A highly successful restart delivers a number of “firsts”.
Le LHC est de retour : quatre semaines remarquables
Le moment que les physiciens des particules du monde entier attendaient est arrivé le 20 novembre 2009. Des paquets de protons ont circulé à nouveau dans le LHC, un peu plus d’un an après l’interruption de la mise en service survenue en 2008. Alors que les opérateurs mettaient la machine à l’épreuve dans les premières étapes de la mise en service des faisceaux, le collisionneur a franchi tous les obstacles, depuis les premières collisions dans les détecteurs à 450 GeV par faisceau jusqu’aux premières collisions de paquets multiples à une énergie record de 1,18 TeV par faisceau. De plus, les collaborations ont recueilli un nombre suffisant de données pour permettre l’évaluation de la performance des détecteurs avant que l’on commence l’exploitation pour la physique au cours de l’année.
The moment that particle physicists – and many others – around the world had been waiting for finally arrived on 20 November 2009. Bunches of protons circulated once again round CERN’s Large Hadron Collider (LHC), a little more than a year after a damaging incident brought commissioning to a standstill in September 2008. As the operators put the machine through its initial paces, the collider passed a number of milestones – from the first collisions in the LHC detectors at 450 GeV per beam to collisions with “squeezed” multibunch beams at the world-record energy of 1.18 TeV. In addition, the collaborations collected sufficient data to calibrate their detectors and assess how well they perform before the real attack on high-energy physics begins later this year.
“It has been remarkable,” Steve Myers, CERN’s director for accelerators and technology, commented in a presentation to CERN Council and staff on 18 December. “Things have moved so quickly that it has been hard to keep up with the progress.” It was also the tip of an iceberg – a pinnacle of highly visible success built on a year of unstinting effort on repairs and consolidation work, painstaking hardware commissioning and the final preparation for operation with beam.
The restart finally got underway with the injection of both beams into the LHC on Friday 20 November and their careful threading round the machine, step by step, as on the famous start-up day in September 2008 (CERN Courier November 2008 p26). There was jubilation in the CERN Control Centre as Beam 1 made its first clockwise circuits of the machine at 8.40 p.m. A little over an hour later, it had made several hundred circuits, captured by the RF. It was then the turn of Beam 2, which completed the first anticlockwise circuit at 11.40 p.m. and had also been captured successfully by the RF at a little after midnight.

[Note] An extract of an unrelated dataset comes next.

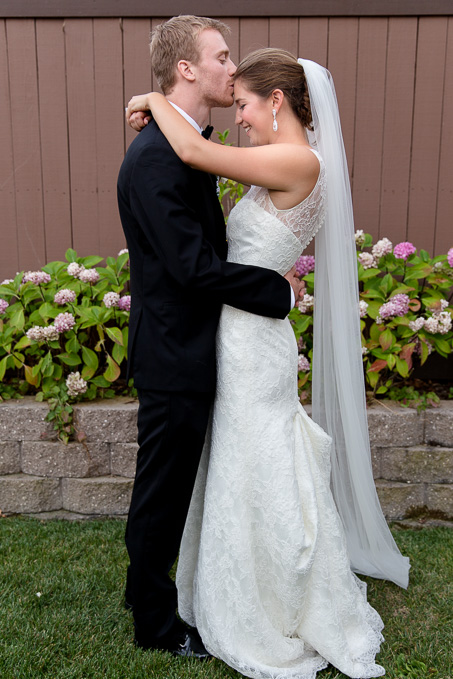 Groom kissing brides forehead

During the following hours the four experiments were treated to special “splash” events, in which a single beam strikes a collimator nearby. These events produce an avalanche of particles that leave a host of tracks and allow the collaborations to check the relative timing of the detectors, for example.

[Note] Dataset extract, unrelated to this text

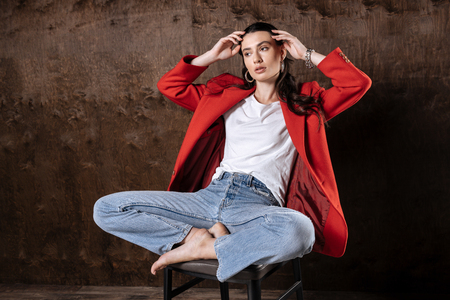 Beautiful look. Nice thoughtful woman posing for a photo while sitting on the chairの写真素材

The first day already demonstrated that vital elements of beam instrumentation, such as the beam-position monitors and beam-loss monitors, were working well. Over the following weekend, the operators continued commissioning, in particular on Beam 1, including fine-tuning of the RF. This work already led to a good beam lifetime of around 10 hours, as measured from the decay of the beam current. Other key studies included measurements and refinements of the betatron tune (the frequency of transverse oscillations about the nominal orbit) and chromaticity (variations in the tune as a function of the momentum deviation). The tune of the machine immediately showed itself to be remarkably good, a testament to the many years of effort involved in the design and construction of the thousands of magnets that guide the beams round the 27 km ring.
Monday 23 November saw the LHC reach a brand-new milestone when the two beams circulated simultaneously for the first time at 1.25 p.m. – just in time for an announcement at a press conference about the restart that was held at CERN at 2.00 p.m. The operators then adjusted machine parameters to provide the experiments with the first, real beam–beam collisions, each in turn.
ATLAS was first, with a collision event recorded at around 2.22 p.m. Four hours later it was the turn of ALICE, which immediately saw the trigger rate rise from about 0.001 to 0.1 Hz. Over the next 40 minutes the experiment recorded nearly 300 events. LHCb followed at about 5.45 p.m. This experiment found it less easy to confirm collisions because only the larger and more distant parts of the detector were switched on, but nevertheless the events collected showed indications of good-looking vertices. Soon after 7.00 p.m. the operators tried again for collisions in ATLAS and CMS, this time at a slightly higher intensity and with improved beam steering. CMS bagged its first collision at 7.40 p.m.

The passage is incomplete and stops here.